I am new to surf fishing and long distance casting. i have a Abu Garcia Blue Yonder 7000 reel and am looking to buy a rod to put it on. I interested in fishing for Bull Drum and Puppy Drum, but I cant always be there when they are running, so I would be fishing for whatever is biting at the time I am there. I have decided to buy a Carolina Cast Pro Rod because of all the great reviews I have read. So far I haven't found any negative comments on any of the fishing forums about these rods. My question is what would be the disadvantage of me buying the 13' 8-12 instead of one of the other lighter rods? I plan on buying other setups later, but for now need a rod for this particular reel. What are your recommendations?


----------



## leadhead

I can't answer your question specifically but I just got the 13 8-12 to match my akios 757 and love it so far for a dedicated 8n bait in not so calm surf.
I'm also thinking about my next set up so I'll watching this thread.

lh


----------



## cooper138

There is no disavantage per say but the real question is what weight do you anticipate using the most? Leadhead looking for another rod? The 4-8 all day by far my favorite rod I've ever owned I can't say enough about it. If the man gave me one rod to use for the rest of my life I would grab that with out a doubt. So versatile would have no problem zipping 4's for mullet pomps and pups then popping on a 8 and slinging for drum.


----------



## Benji

+1 on the 4 to 8 oz 12'8 it is also my favorite.
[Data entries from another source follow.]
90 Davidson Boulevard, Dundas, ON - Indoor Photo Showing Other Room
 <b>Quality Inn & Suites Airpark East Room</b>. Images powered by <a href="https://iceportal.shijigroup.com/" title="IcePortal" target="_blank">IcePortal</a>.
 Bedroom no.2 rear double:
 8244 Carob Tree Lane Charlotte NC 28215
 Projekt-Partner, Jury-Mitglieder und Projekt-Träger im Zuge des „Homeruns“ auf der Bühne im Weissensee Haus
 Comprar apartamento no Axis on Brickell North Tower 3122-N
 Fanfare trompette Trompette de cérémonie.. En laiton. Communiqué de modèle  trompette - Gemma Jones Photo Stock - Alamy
If I could only have one rod for bait fishing that would be my choice paired with a penn squall 15. Nothing against abu's penn's just my preference for sand.


----------



## kwilson16

I am seeing a lot of positive comments on the 12'8. Would their be any difference between it and the 13' 8-12 as far as one being easier to cast or more forgiving casting with the same weight?


----------



## bronzbck1

The 12'8" is a parabolic rod real easy to load. Lots of citation size drum landed on this rod with no problem. Tommy will answer on what kind of blank the 13' is. He is traveling so give him time.


----------



## kwilson16

bronzbck1 said:


> The 12'8" is a parabolic rod real easy to load. Lots of citation size drum landed on this rod with no problem. Tommy will answer on what kind of blank the 13' is. He is traveling so give him time.


Thanks


----------



## Tommy

KW,

The 13' 8-12 is my flagship heaver. it is designed for fishing the heavy surf and for throwing heavy payloads. While light for a heaver (blank weighs < 20 oz) it is made to do battle with big drum and cobia. For a heaver it is easy to load but throws a looooong way while being a bit easier on your back than most other rods in it's class.

The 12'8" 4-8 is a true "light" heaver. It is designed to smoke 6 and a small bait and does so wonderfully. It is lightweight and very easy to load. It is VERY versatile. You can bomb 4oz and sand fleas for pompano, 6oz for puppy drum/bluefish or 8 and a small bait for bigger drum. It is a newer rod but sales are rocking.... 

If you are looking for an "8nbait" rod, go for the 8-12 (or 6-10). If you want something a little more versatile then the 12'8" 4-8 may be the ticket for you. Just please understand the 8 and a small bait is the top end for this rod.

Tommy


----------



## kwilson16

Thanks for the information. Now I am wanting both of them. Think I will start with the 13' 8-12 first. Thanks again will be ordering soon.


----------



## cooper138

You can't go wrong bud, enjoy


----------



## kwilson16

cooper138 said:


> You can't go wrong bud, enjoy


Thanks


----------



## abass105

Tommy, what Akios reel would you suggest for the 12.8 rod. I am thinking of the 757CTM. Any suggestions would be appreicaited.


----------



## bronzbck1

I have 656's on mine


----------



## Tommy

In my opinion the 12'8" 4-8 balances out nicely with a 656. That being said my brother fishes his with a 757 Vittesse and he loves it.

Tommy


----------



## abass105

Thanks for he responses. I already have the 656ctm. I will go with that.


----------